Nonostante questo passato positivo, l’avvento di un Cristianesimo decisamente poco inclusivo, ha fatto sì che queste tradizioni venissero demonizzate e vietate. Inoltre, la pubblicazione de “L’uomo delinquente” di Cesare Lombroso non aiutò, giacché in questo manuale venne spiegata la correlazione tra essere criminali ed essere tatuati: i delinquenti presenterebbero caratteristiche antropologicamente simili, che avvicinerebbero loro al mondo animale e a quello primitivo. Tatuandosi, quindi, si attuerebbe una regressione volontaria ad uno stato primordiale e selvaggio. La categorizzazione e la teoria di Lombroso furono particolarmente ben accette da una comunità che era amante della Parola di Dio tanto quanto della censura, per questo motivo, fino agli anni Settanta del Novecento, i tatuatori lavoravano clandestinamente ed in condizioni igieniche favorevoli a batteri e germi – basti pensare che l’inchiostro nero, cosiddetto nerofumo, altro non era che saliva mischiata al nero lasciato dalla fiamma di una candela su una superficie metallica. Da questo periodo in poi, la cultura del tatuaggio riprese piede sempre di più, grazie specialmente ai grandi movimenti giovanili che si distaccavano dall’indottrinamento del dogma cattolico, ribellandosi ad esso.
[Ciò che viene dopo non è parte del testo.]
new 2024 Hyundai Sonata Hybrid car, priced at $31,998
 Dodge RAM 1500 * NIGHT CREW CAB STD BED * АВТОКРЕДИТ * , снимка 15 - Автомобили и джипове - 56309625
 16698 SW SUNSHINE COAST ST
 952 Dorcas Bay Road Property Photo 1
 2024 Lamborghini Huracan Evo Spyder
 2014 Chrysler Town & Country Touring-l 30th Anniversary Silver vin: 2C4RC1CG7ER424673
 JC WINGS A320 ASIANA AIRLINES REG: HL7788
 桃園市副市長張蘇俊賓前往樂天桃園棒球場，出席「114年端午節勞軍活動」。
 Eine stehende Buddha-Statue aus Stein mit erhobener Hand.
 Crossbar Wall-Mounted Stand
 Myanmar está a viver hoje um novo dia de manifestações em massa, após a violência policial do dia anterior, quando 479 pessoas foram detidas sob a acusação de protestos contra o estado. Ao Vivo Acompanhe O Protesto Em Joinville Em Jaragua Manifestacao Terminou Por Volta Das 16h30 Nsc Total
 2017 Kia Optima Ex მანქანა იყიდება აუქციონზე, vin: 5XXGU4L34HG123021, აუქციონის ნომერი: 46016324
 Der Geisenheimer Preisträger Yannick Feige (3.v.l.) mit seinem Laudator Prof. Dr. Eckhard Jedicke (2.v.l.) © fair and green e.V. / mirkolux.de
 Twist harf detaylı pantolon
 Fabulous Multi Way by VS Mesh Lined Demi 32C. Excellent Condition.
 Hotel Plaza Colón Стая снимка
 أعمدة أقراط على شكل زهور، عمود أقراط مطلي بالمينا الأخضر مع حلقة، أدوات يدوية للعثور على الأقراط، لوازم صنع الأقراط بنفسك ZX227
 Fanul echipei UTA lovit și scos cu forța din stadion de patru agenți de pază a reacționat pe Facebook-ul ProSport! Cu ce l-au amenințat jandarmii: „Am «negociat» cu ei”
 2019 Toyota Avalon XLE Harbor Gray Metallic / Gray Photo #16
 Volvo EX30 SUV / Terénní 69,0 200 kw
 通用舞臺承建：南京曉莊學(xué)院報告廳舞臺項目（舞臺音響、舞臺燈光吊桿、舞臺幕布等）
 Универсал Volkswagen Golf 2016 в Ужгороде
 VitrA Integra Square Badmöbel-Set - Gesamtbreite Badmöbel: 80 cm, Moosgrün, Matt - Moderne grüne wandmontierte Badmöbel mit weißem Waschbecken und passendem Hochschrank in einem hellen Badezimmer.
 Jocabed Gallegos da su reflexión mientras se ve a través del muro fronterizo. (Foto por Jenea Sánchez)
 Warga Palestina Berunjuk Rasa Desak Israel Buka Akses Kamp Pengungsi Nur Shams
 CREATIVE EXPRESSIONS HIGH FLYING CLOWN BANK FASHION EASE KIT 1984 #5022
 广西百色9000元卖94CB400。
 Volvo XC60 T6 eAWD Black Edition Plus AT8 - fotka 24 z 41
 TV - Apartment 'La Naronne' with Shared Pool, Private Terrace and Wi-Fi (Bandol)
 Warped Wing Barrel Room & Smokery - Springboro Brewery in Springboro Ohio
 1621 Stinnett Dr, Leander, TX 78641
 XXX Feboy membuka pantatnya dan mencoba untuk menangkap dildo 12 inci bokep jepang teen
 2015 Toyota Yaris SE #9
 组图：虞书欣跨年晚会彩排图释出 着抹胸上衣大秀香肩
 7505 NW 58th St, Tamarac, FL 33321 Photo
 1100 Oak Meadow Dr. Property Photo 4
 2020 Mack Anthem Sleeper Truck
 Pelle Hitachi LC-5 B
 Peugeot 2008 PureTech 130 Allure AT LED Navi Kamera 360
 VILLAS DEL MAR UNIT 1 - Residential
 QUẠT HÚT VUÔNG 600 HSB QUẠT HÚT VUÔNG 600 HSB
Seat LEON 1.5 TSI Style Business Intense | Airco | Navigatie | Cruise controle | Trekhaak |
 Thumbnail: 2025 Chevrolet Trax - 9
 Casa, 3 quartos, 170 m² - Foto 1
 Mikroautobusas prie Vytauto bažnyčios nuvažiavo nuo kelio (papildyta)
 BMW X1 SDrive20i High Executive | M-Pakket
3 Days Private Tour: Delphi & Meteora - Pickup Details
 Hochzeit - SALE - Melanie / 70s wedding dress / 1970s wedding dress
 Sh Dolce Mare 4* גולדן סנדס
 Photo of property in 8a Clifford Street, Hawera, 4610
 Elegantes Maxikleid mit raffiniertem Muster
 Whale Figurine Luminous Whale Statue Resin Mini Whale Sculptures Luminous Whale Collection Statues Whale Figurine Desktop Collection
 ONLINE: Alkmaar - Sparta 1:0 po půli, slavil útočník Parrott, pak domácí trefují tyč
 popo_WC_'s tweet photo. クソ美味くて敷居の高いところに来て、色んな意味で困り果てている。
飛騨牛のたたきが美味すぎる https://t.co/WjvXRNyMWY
Le persone iniziano finalmente a riprendere nuovamente possesso del proprio corpo, facendo di esso una tela pronta per essere dipinta. Anche il concetto stesso di tatuarsi viene ribaltato: nelle tribù simboleggiava la appartenenza ad un gruppo, una famiglia, un clan; nella controcultura degli anni Settanta ed Ottanta (ma anche inizio Novanta) tatuarsi significava liberarsi da etichette sociale, un segno di non-appartenenza.


Oggi il tatuaggio è espressione di arte pura, comunicazione di sentimenti: significa non voler dimenticare mai. In questa epoca in cui il corpo possiede di nuovo valore, il tatuaggio è la celebrazione autentica del proprio modo di essere e del proprio gusto. Segue delle mode e degli stili, come se fosse una vera propria industria tessile, esistono accademie e scuole apposite per giovani talenti che vogliono rendere la loro arte quanto più viva possibile.